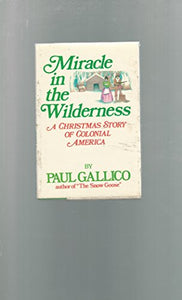 Miracle in the Wilderness 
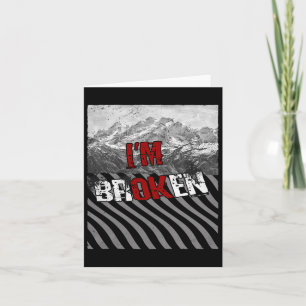 I'm Ok Broken - I'm Broken 1 Card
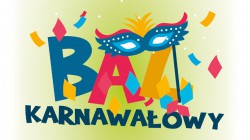 Bal karnawałowy - 14 luty 2023 roku (wtorek)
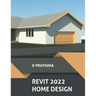 Revit 2022 Home Design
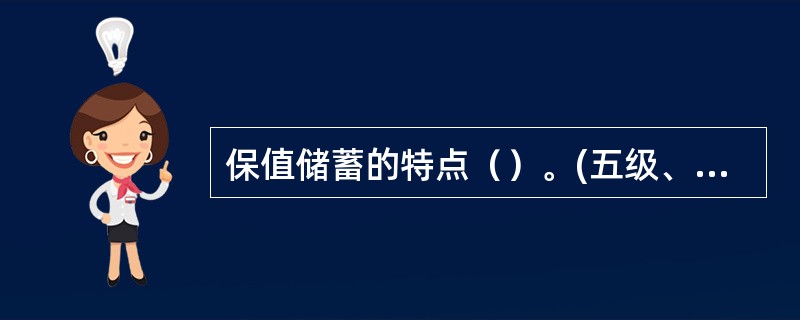 保值储蓄的特点（）。(五级、四级)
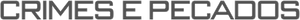 Crimes e Pecados — Logos 4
· · · · ·
Print the records above verbatim, minus any pictures.

 Miracle in the Wilderness 
 I'm Ok Broken - I'm Broken 1 Card
 Bal karnawałowy - 14 luty 2023 roku (wtorek)
 Revit 2022 Home Design
 保值储蓄的特点（）。(五级、四级)
 Crimes e Pecados — Logos 4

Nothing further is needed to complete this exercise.